The Massacre At My Lai

I arrived over My Lai, which was better known as Pinkville, at about 7:20 in the morning. I was flying a Scout helicopter and my job was to draw out enemy fire. We had been briefed the night before that there had been a large enemy buildup in the area. But so far, we only saw one draft-age male running out of the village with a weapon. I told my door gunner, Lawrence Colburn, to fire at him. He missed. That was the only enemy person we saw all day.

We were flying back and forth for some time, not getting shot at, when I left to refuel. When we got back on station there were bodies everywhere. These were infants and toddlers, women and very old men--but no young men. On one pass just outside the village, we saw a teenage girl lying on her back in a rice field. She was flailing back and forth, obviously wounded. I hovered over her, marked her with a smoke flare and got on the radio to call for help. A captain approached. He nudged her with his foot, then stood back, put his weapon on automatic, and blew her away. We didn't know what to think of that.

We came across a ditch that had a large number of people in it who appeared to be injured. We noticed babies, women and children and old men. I put the helicopter down, then went over to ask a sergeant to help them out. He said the only way to do that was to put them out of their misery. I thought he was joking. We took off and heard shots right away. My crew chief, Glenn Andreotta, yelled, "My God, they are firing into the ditch." I swung the Scout around so all of us could see. They were standing around, just firing. We said, "My God, what is happening here?" We ran some scenarios through our minds, but we didn't want to condemn our own people. But it sunk into me that these people were marched into that ditch and murdered.
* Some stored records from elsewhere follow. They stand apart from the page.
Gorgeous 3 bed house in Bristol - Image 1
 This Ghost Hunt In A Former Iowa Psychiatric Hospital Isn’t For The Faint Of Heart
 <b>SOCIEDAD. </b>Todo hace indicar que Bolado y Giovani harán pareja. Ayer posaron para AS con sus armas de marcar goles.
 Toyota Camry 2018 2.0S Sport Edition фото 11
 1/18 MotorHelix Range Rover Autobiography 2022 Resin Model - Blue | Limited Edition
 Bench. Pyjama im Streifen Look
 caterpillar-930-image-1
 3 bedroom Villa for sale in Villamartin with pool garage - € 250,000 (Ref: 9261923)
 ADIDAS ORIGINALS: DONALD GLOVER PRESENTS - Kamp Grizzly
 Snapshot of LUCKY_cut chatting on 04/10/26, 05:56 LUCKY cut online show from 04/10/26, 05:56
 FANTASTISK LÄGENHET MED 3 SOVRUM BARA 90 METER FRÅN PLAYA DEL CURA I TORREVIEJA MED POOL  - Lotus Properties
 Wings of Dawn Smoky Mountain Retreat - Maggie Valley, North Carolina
A few minutes later I saw some people huddled by a bunker. There was a woman, an old man and a couple of kids with her. We saw some advancing American forces coming at them, being led, I was told later, by William Calley (who was ultimately court-martialed). I said the Vietnamese have only about 15 seconds to live. I sat the chopper down between the civilians and the advancing Americans. I told Colburn to blow 'em away if they began to fire at the civilians. I thank God that they didn't. I went over to the officer in charge and said there are some civilians in here, can you get them out? He said a hand grenade would do the job. I said, "You see my guns? If you open up, they open up." I coaxed about 10 people out of the bunker, then called a friend flying a bigger chopper to take them away.

We made a final pass over the ditch. Glenn yelled that something was moving. I set the helicopter down and Glenn ran over to the ditch. Larry and I covered him with our weapons. He waded in among the dead and bloodied people, and pulled out a little boy, about the same age as my son, who was 4 at the time. The boy was covered in blood, but he didn't have a scratch on him. We got back in and laid the kid over our laps. As we flew to a nearby orphanage, tears were streaming down our cheeks. I flew back to base and confronted my superiors. It would take time, but the horrible killing at My Lai would become public. My Lai was no accident. It was pure, premeditated murder.

STATESIDE, 1967:The president's wife,Lady Bird Johnson,saw the war polarizing the country.

I was on a train and saw another train carrying cargo, and realized that it was the coffins of men who had been in Vietnam. I knew that if Lyndon had seen that, it would eat him up. I knew that it couldn't continue. I saw it in the eyes of young people. I traveled to a lot of campuses. At the beginning of Lyndon's presidency, I would see so much interest and liking in their faces. Then, at Yale, I was speaking to the Young Democrats and realized that nothing was getting through to them--not conservation, not the cities, only the war, the first we had ever fought in people's own living rooms, on television. I knew that we were going to have to wind down our participation--even if America lost the war, which Lyndon would have hated.